Could the data below be retyped exactly, without its pictures?

Supplied material ->
------------------------------------------------------------------------

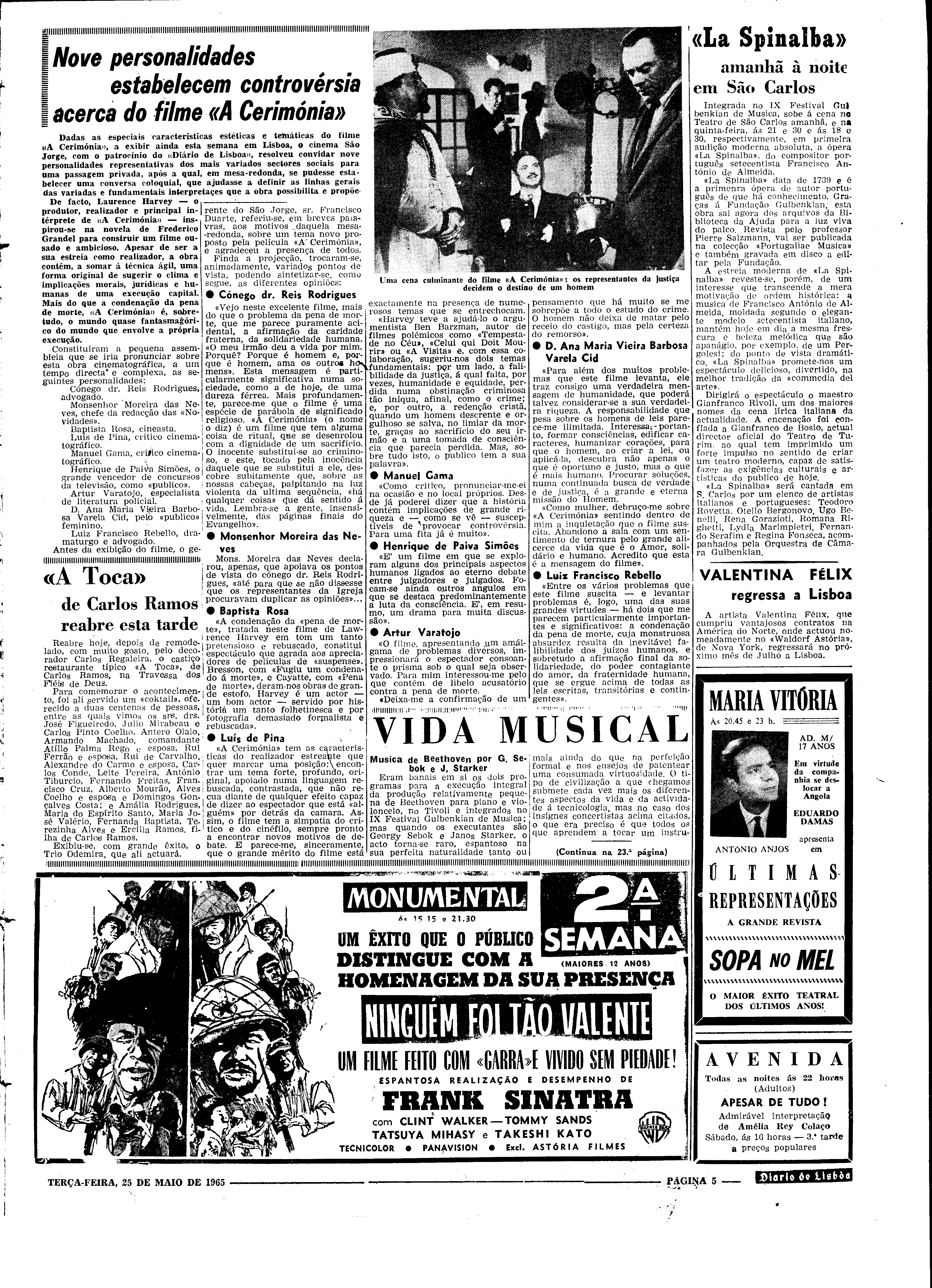 06560.098.19583- pag.5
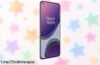 Móvil compacto OnePlus 8T con pantalla OLED y carga rapidísima ahora a precio tirado, ¡no dejes pasar esta oportunidad única para llevarte el mejor chollo!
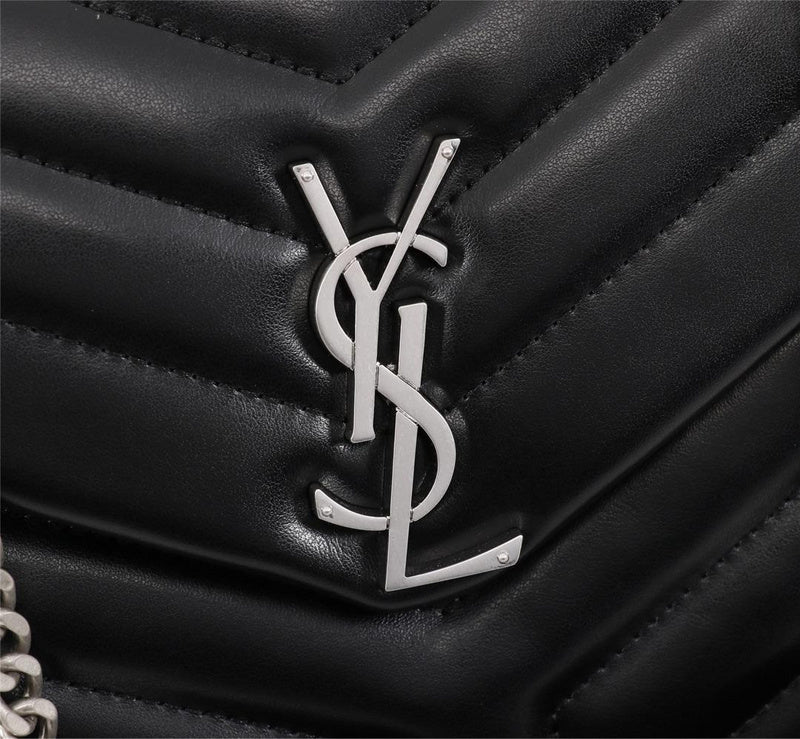 BB - YSL Bag - 2853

------------------------------------------------------------------------

Exercise answer ->
 06560.098.19583- pag.5
 Móvil compacto OnePlus 8T con pantalla OLED y carga rapidísima ahora a precio tirado, ¡no dejes pasar esta oportunidad única para llevarte el mejor chollo!
 BB - YSL Bag - 2853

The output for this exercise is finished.